It was only a few short days ago that we gathered around tables to celebrate Thanksgiving. The turkey was carved. The stuffing was passed. The pumpkin pie was served. But now the turkey's been picked clean. The stuffing's been stuffed into Tupperware containers, along with the rest of the trimmings. And the pumpkin pie was polished off days ago. So Thanksgiving has come and gone for another year. 


But can we be honest here? I mean, we are in church…so it seems like we should be able to be honest here. And, if we’re going to be honest, then we need to admit that even though Thanksgiving was last Thursday for a lot of us it already feels like it was a million years ago. And that’s because for a lot of us as soon as we sit down our forks at the Thanksgiving table we immediately turn our attention away from turkeys and pilgrims and turn our attention to Christmas.

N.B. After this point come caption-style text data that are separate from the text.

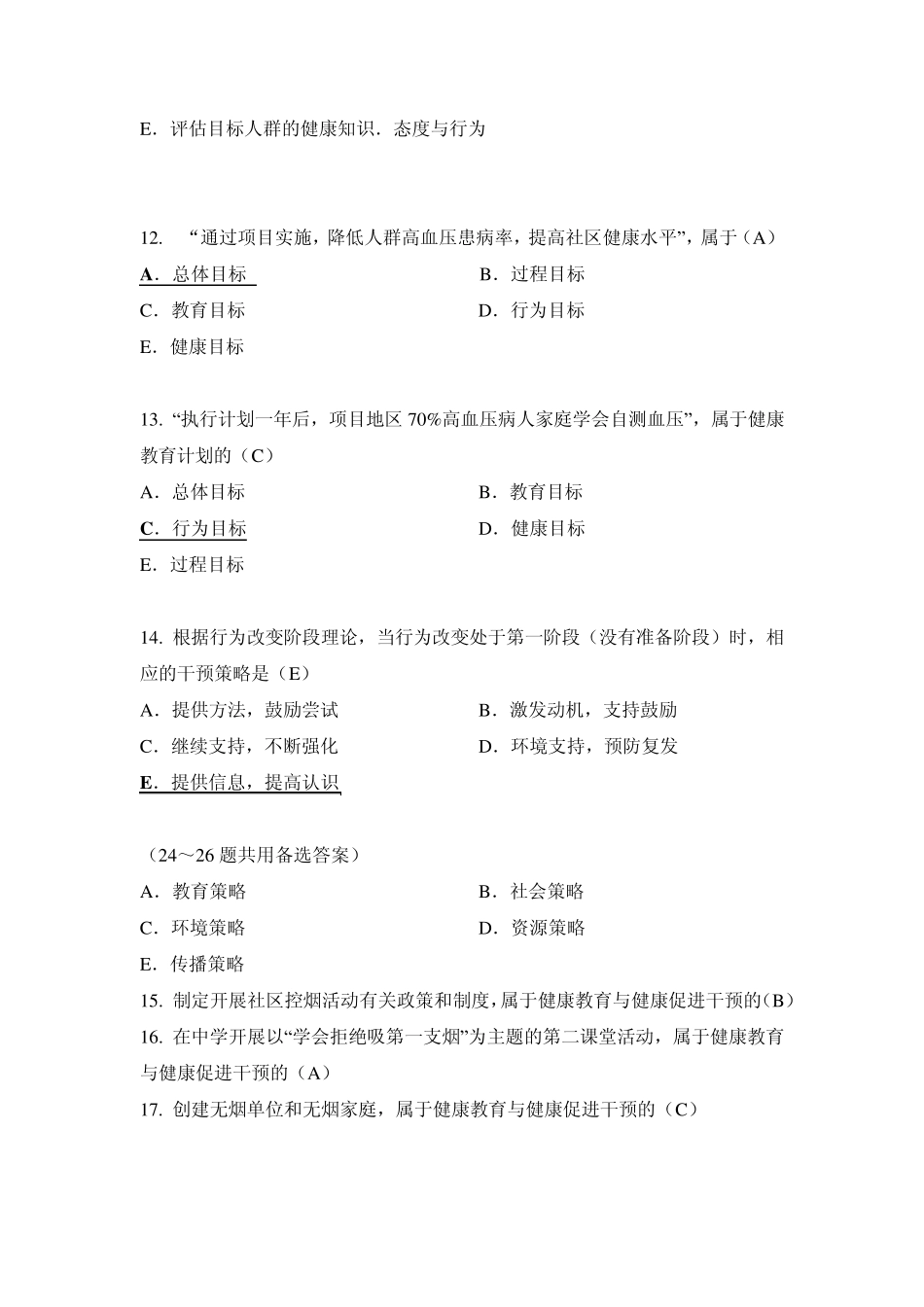 健康教育技能大比武单选题50题_第3页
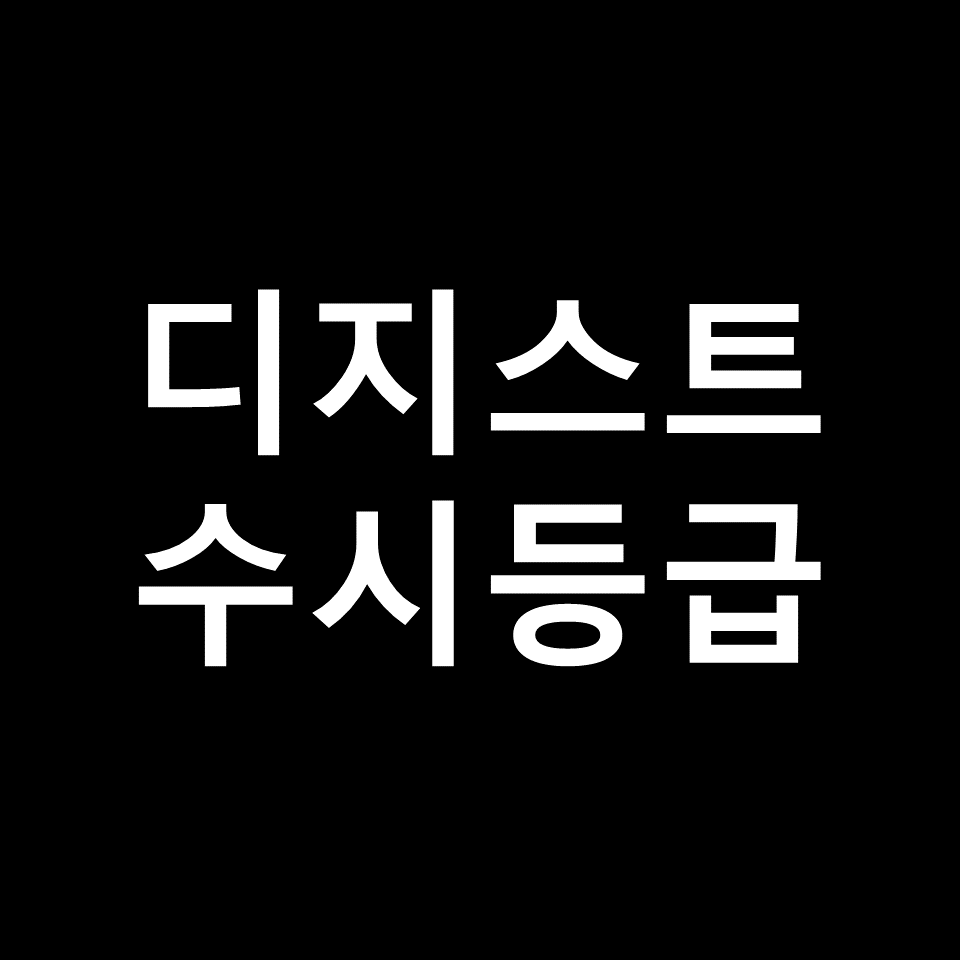 대구경북과학기술원 수시등급 | 입결, 등급컷, 경쟁률, 2024, 2025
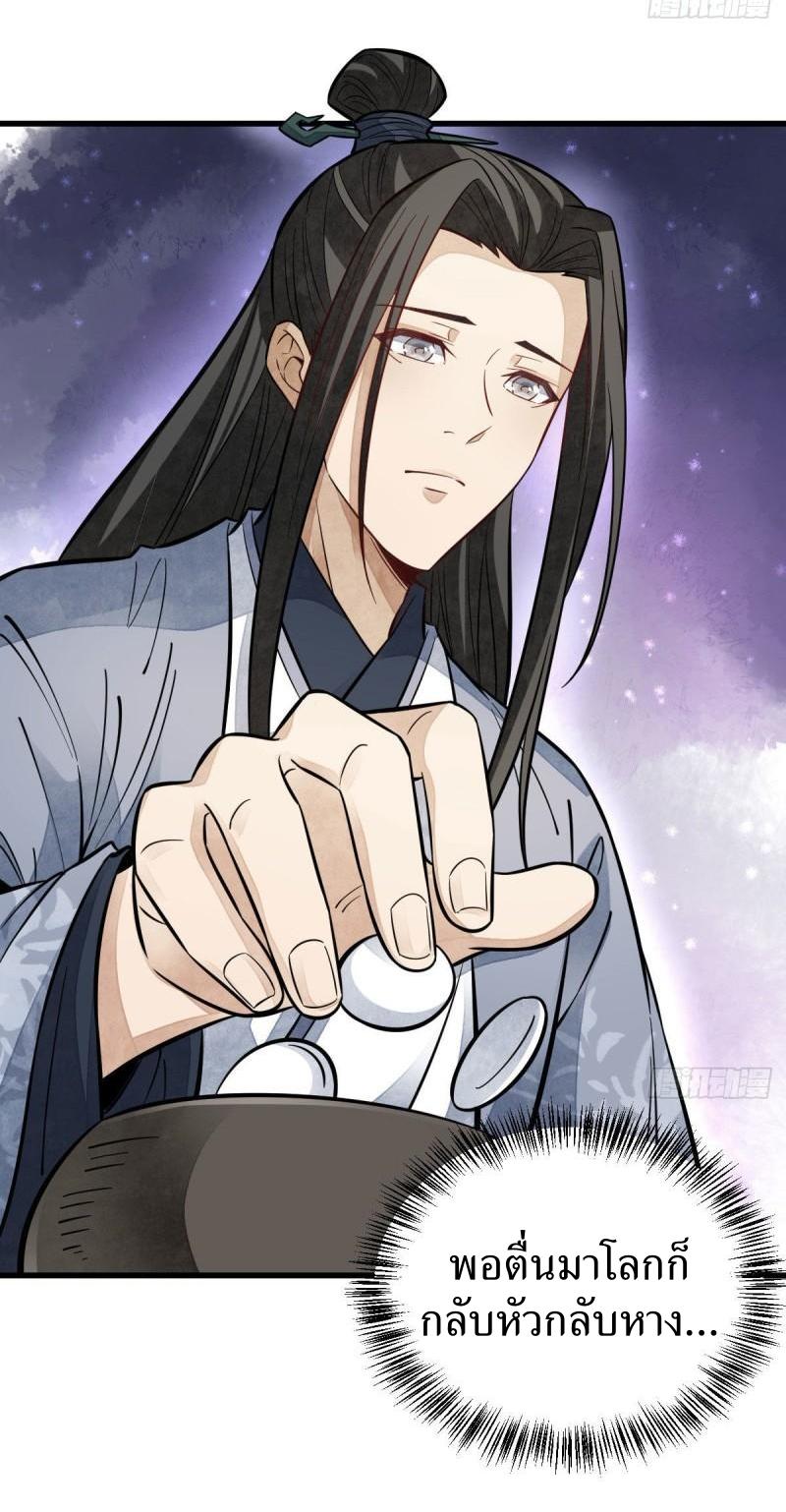 Lan Ke Qi Yuan ตอนที่ 112 หน้า 18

I mean for many of us it wasn’t long after our Thanksgiving celebrations came to an end that we wandered down to our basement or up to the attic to start pulling out Christmas decorations. And by the time we headed to the refrigerator to warm up some leftovers, our trees were up, our stockings were hung, and we were ready for Santa to come sliding down our chimney.


But I am well aware that not every family spends the weekend after Thanksgiving decorating for Christmas. There are plenty of people who’d rather spend the days after Thanksgiving looking for deals than decking the halls. It was estimated last year that more than 141 million people went shopping on Black Friday. Between Black Friday and Cyber Monday last year, Americans spent more than $20 billion. And the National Retail Federation expected consumers to spend just under a trillion dollars during the holiday season.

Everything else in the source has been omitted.